What IS a Green Master anyway? Plain and simple, I am. Let's break that down even farther. If you are here you probably already know what a Master is… a Male Dominant in a D/s relationship. Green… A color, like the grass, the penicillin that is growing on the pizza that has been in the fridge too long, the color of the face of a boy swallowing chewing tobacco juice… But in this case green means new and untested. I am new to the entire lifestyle of Dominant and submissive. That green-ness is made even GREENER by the fact that I am only doing it online. My real life relationship is not open to that idea.
I have been involved in the fringes of online D/s-ing for the better part of a year now. Have collared and released one submissive already but I still feel very new. Have sat in on some chats and meeting rooms online, have talked to many very nice people and even gotten a few compliments but still… Too new to be really all that comfortable at it yet. Maybe I never will be comfy at it, but how will I know unless I try? So I am.
Honestly, I have no idea where to go with it. Doing things online is SO much different than for real, especially in arenas like this.
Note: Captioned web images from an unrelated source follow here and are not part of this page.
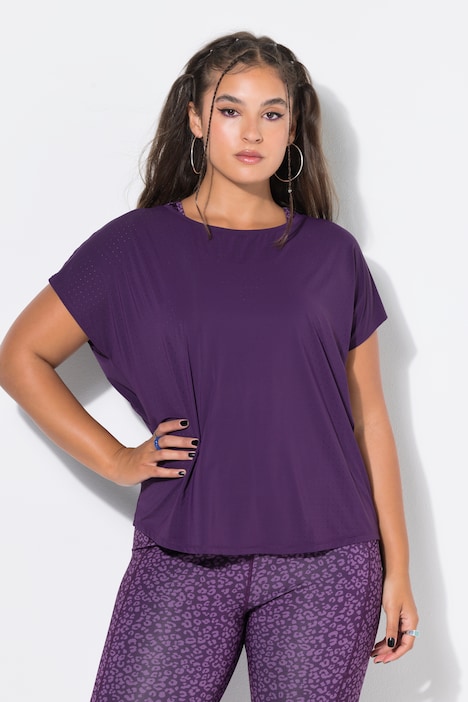 Sport-Shirt, Oversize Shape, Perforierungen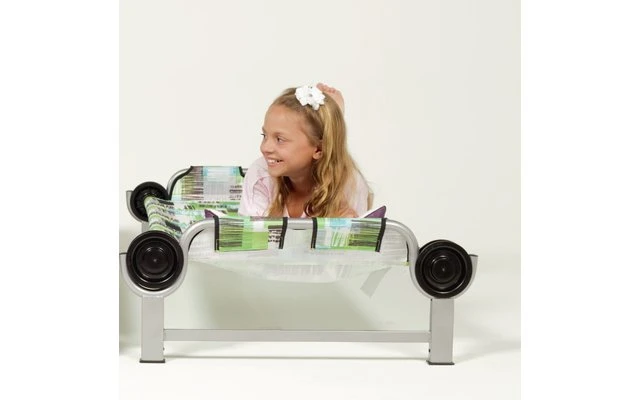 Disc-O-Bed Kid-O-Bed Con Marco Recto, Sin Bolsillo Lateral, Rojo - Imagen 7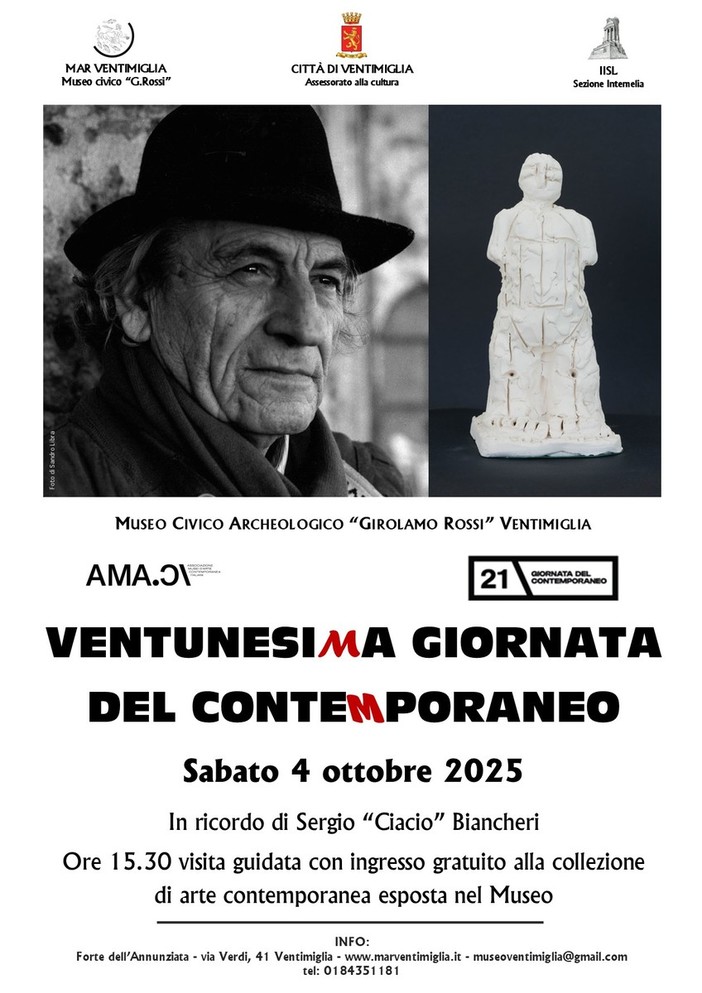 Ventimiglia: il MAR celebra la Giornata del Contemporaneo con una visita speciale Ventimiglia: il MAR celebra la Giornata del Contemporaneo con una visita speciale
I mean there are a lot of books on the subject ranging from the really light to the really, really deep down workings of things. Things in a real life, right there D/s relationship. Not a one I have found yet is for how to do it online. Some would say that the same rules apply whether it is for real or electronic. I tend to disagree. Yes, some of them do apply, some do with modifications, and some really don't. Don't ask me to list them. I can't. I don't know many of them.
Part of the definition of a good D/s relationship is trust. A very true statement in any relationship, but even more so in an electronic one. Why? Because you have to trust your partner enough to show up at the predetermined time… You have to trust that they are doing everything you tell them to do… You have to trust that you have their full and undivided attention… And most importantly you still trust them with your feelings. At least that is true for me. I can't really go into a relationship with the idea of, "It's online so it isn't really real." To me a relationship is a relationship online or not. Kinda gushy, huh? But it is true. At least for me it is.
Will I make a good Master? Maybe. I've been told that I have the makings of a very good Master. I care, I give, I trust and I am able to HOLD the trust of others. I enjoy being in control of the situation. I even enjoy being called Sir and being able to have what I want while giving to my sub what she wants. I am not the heavy-handed sort unless needed. I am not easy to anger and when I AM angered it does not hold long. I am not afraid to punish if I have to but would MUCH rather reward. That is more fun anyway, right?
So I have had a taste of the lifestyle, electronic though it has been. Do I like it? I seem to. Is it right for me? Who knows yet. It is too early and an online relationship, as I have said, is nothing like the real thing. Am I green? VERY. Am I a Master? I do believe so. Am I practicing that? Without a sub that is hard to do.
One last thought about green things. They grow. So being a Green Master is not so bad. I WILL grow and I may be the best Master anyone has ever seen… But more likely I will be a good one that harbors respect and trust and maybe even love. Time will tell.